What to do:
Skipping all pictures, print exactly the lines below from the one with "レヴェリー(REVERIE) #プルエクステ#ロング#ピンク" through the final line.

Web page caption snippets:
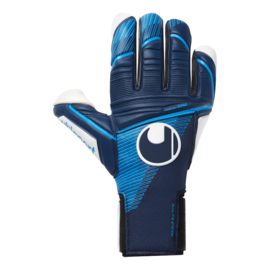 Uhlsport Absolutgrip Tight HN navy/fluo blue/white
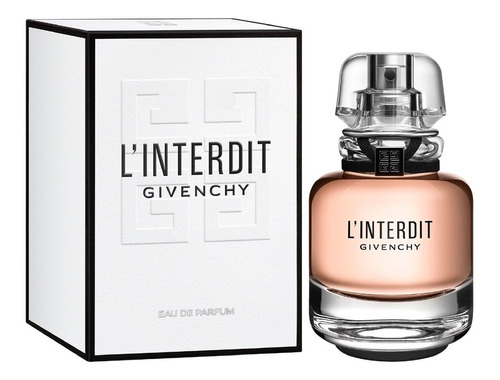 Perfume Linterdit Edp Givenchy Mujer 35 Ml | Mercado Libre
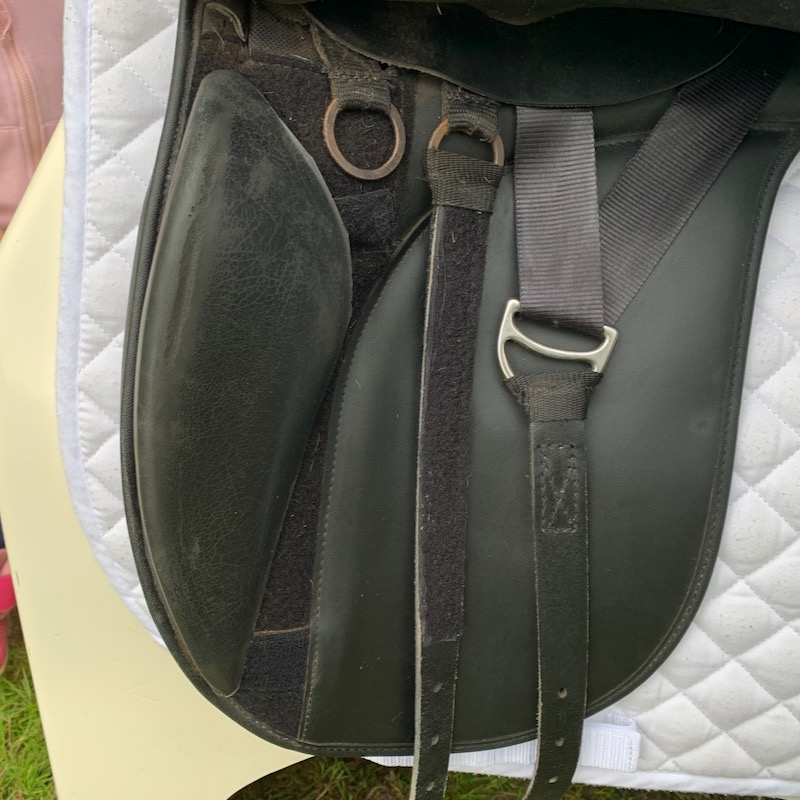 Thorowgood T6 18” High Wither Dressage (S2636)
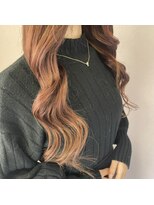 レヴェリー(REVERIE) #プルエクステ#ロング#ピンク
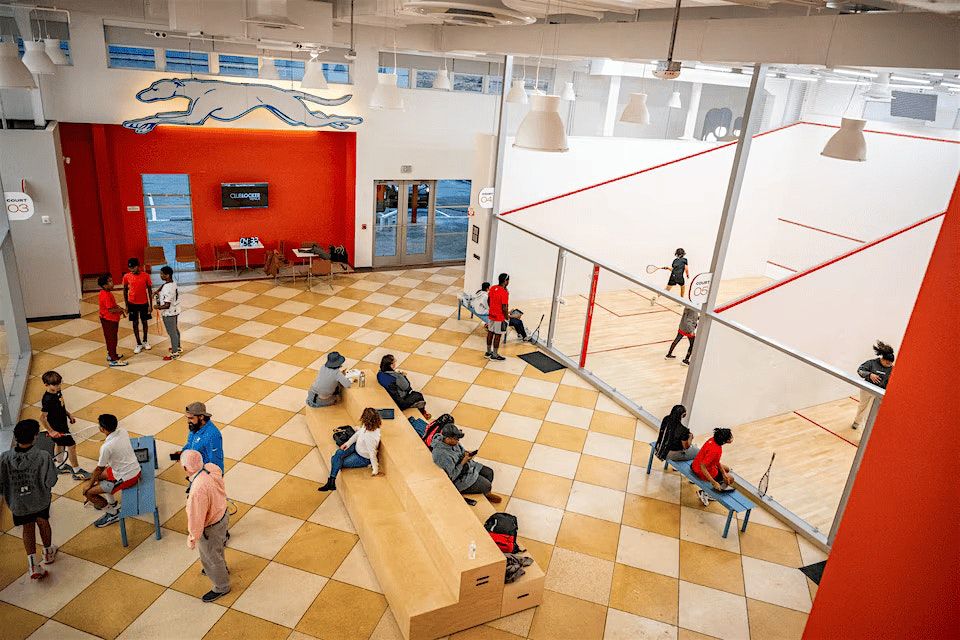 Baltimore Squash Players Open Hit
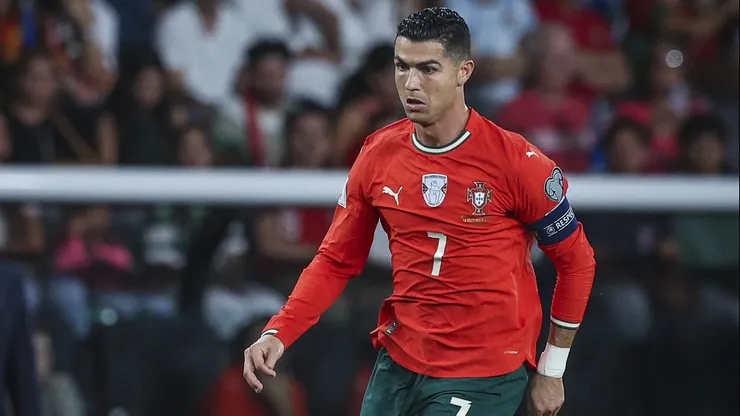 Cristiano Ronaldo disputará sua sexta Copa do Mundo com 41 anos (Photo by Carlos Rodrigues)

Result of the task:
 レヴェリー(REVERIE) #プルエクステ#ロング#ピンク
 Baltimore Squash Players Open Hit
 Cristiano Ronaldo disputará sua sexta Copa do Mundo com 41 anos (Photo by Carlos Rodrigues)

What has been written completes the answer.